I have called Tucson home for 54 of my 58 years, if you don’t count college and a bit of law school time. (Because Tucson is full of people who haven’t been here for so long, I’m often asked what brought me here. “My parents … when I was four” always gets a laugh.)
My K-12 education happened in Tucson. K-12 is a stretch, though, for by the end of my sophomore year at Tucson High School—having missed school during the month of March on account of pneumonia—I knew it was time to move on, ASAP. (Call it K-11.) Algebra in 8th grade, typing in summer school, and a very undemanding set of graduation requirements allowed me to be done in three years and, at that, I was done with school before noon in my “senior” year.
My mom and I made a deal after 10th grade ended. Out in a year, but I had to go to the University of Arizona for at least a year, for she wasn’t ready for my departure. (I don’t recall my dad weighing in on the issue.) “Sure mom,” I winked, while I was busy meeting every out-of-state liberal arts college counselor who showed up at THS.
With some talking—lawyering skills developed early—I was gone to Beloit College in Wisconsin before I turned 17. Four years later, with two four-month stints in Chicago, I graduated. Lots of law school applications and a decent number of acceptances later, I opted for the University of Arizona College of Law. Dirt cheap then, I’d had my “away” experience, and no school appreciably better than the U of A wanted me. Alas, that decision determined place for me more than any other, ever.
When you do not get into a national law school—I was wait-listed at Northwestern, a top-tier school then and now—you will almost surely end up in the state, if not the city, where you go to law school. The big Phoenix firms did not want me—grades—so Tucson is where I found myself in 1981, and from then until now (and for the foreseeable future.)
The place issue hit me hard a few days ago. For the 17 years during which I occupied a high-rise, corner office, I could see my high school from my office window. For the past several years, my junior high school—now it’s a middle school—is across the street from my gym. And I have driven by the law school I attended an uncountable number of times. So what hit me hard? I was driving east on 2nd Street—my street—when I realized my pre-school—the Old Pueblo School—was located four or five blocks away from my new home. That’s really close! (The ladies who ran the place hit you with a fly-swatter if you lifted your head during nap. No wonder the school is no longer in business!)
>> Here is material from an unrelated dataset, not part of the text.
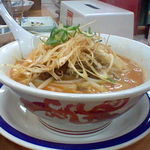 風風ラーメン - ピリ辛ネギ坦々麺（横から）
So … what? Two things. First, no one knows how their life will turn out. I always thought Tucson would be a place from my past, and a place I’d visit until my people had passed. Alas, I ended up making a life here, and what comes to mind most profoundly are relationships which go back a really long time. (One friend/MRW subscriber and I go back 50 years. Yikes, and note the fact that I did not call her an old friend. That drives her effing nuts!) Yes, there’s a big world out there, and there’s much to be said for really engaging with it, deeply, but there’s also lots to be said for staying close to home, even if that was not the plan.
And the other thing? I lived in a large home, far from a walkable street, for almost 24 years. Now, Max and I are a house, a block, and a wide street—Campbell Avenue—away from the University of Arizona, aka, per my girlfriend, the World’s Best Dog Park. Max and I are much, much happier here. The ‘burbs are wonderful, if you’re a ‘burbs person, but if “city” is in your DNA, make sure you’re living in the right place!